■ Recorded information:
►

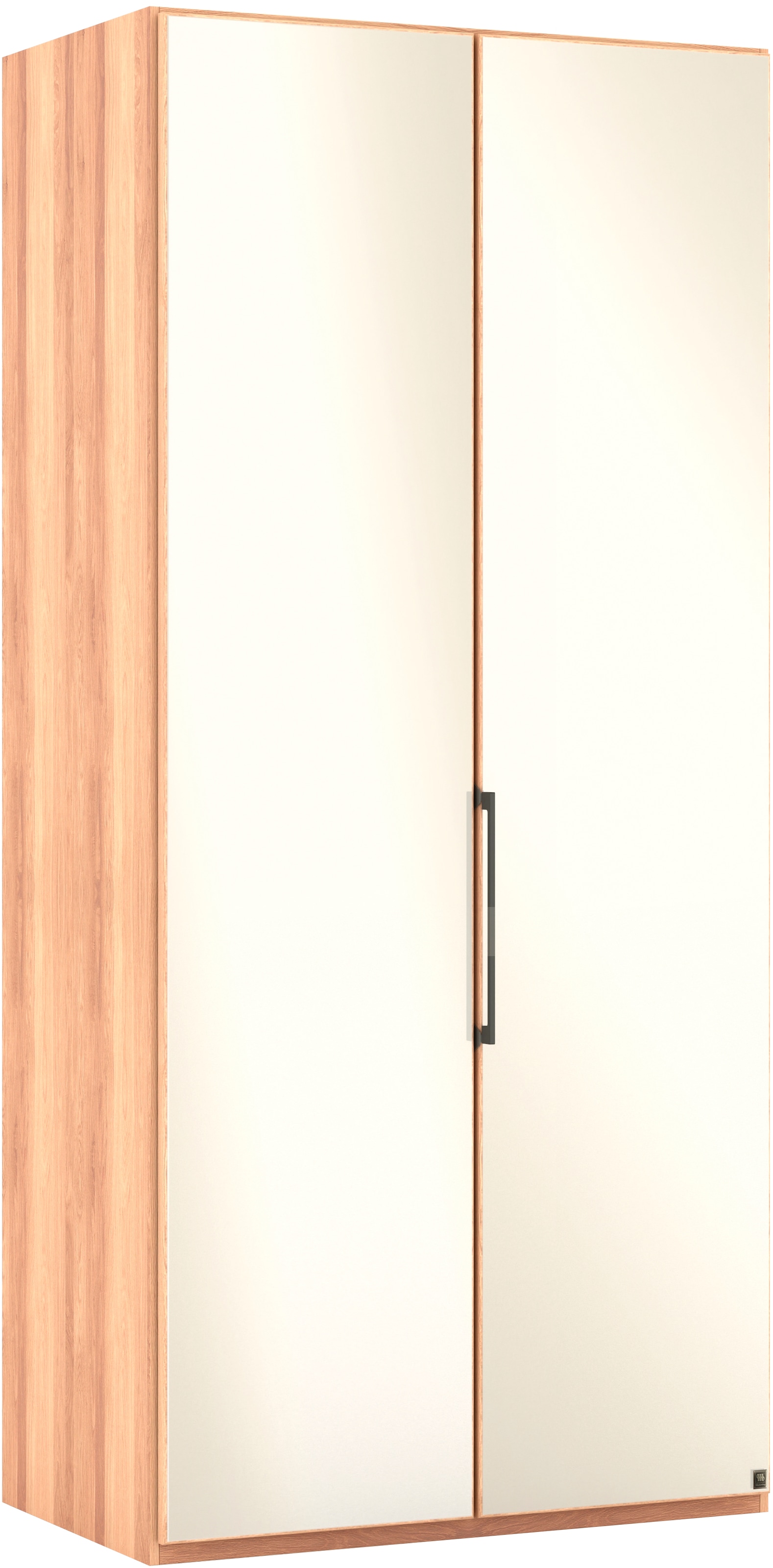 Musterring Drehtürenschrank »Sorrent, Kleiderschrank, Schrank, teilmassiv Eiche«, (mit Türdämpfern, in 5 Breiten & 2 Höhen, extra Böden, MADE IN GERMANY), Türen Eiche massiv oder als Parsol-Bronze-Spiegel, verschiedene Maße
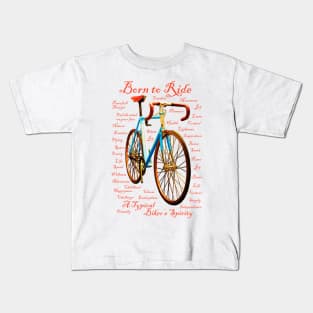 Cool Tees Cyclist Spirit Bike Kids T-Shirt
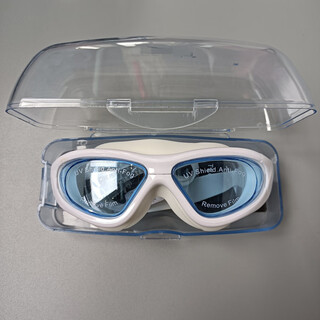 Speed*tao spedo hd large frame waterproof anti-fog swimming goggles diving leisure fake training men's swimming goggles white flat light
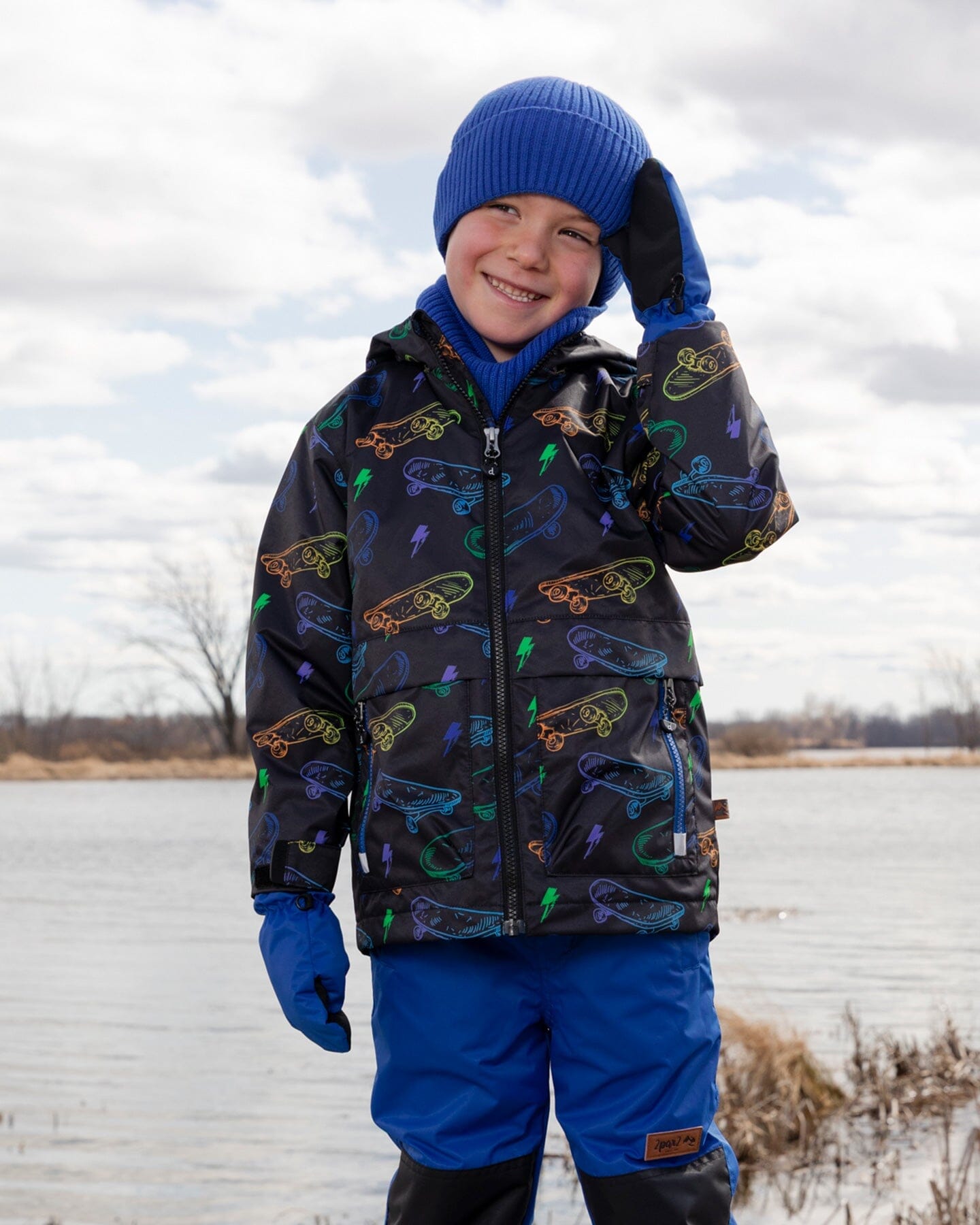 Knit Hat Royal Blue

◄

Repeat the data exactly, dropping every picture it holds.

■ Reply to the exercise:
 Musterring Drehtürenschrank »Sorrent, Kleiderschrank, Schrank, teilmassiv Eiche«, (mit Türdämpfern, in 5 Breiten & 2 Höhen, extra Böden, MADE IN GERMANY), Türen Eiche massiv oder als Parsol-Bronze-Spiegel, verschiedene Maße
 Cool Tees Cyclist Spirit Bike Kids T-Shirt
 Speed*tao spedo hd large frame waterproof anti-fog swimming goggles diving leisure fake training men's swimming goggles white flat light
 Knit Hat Royal Blue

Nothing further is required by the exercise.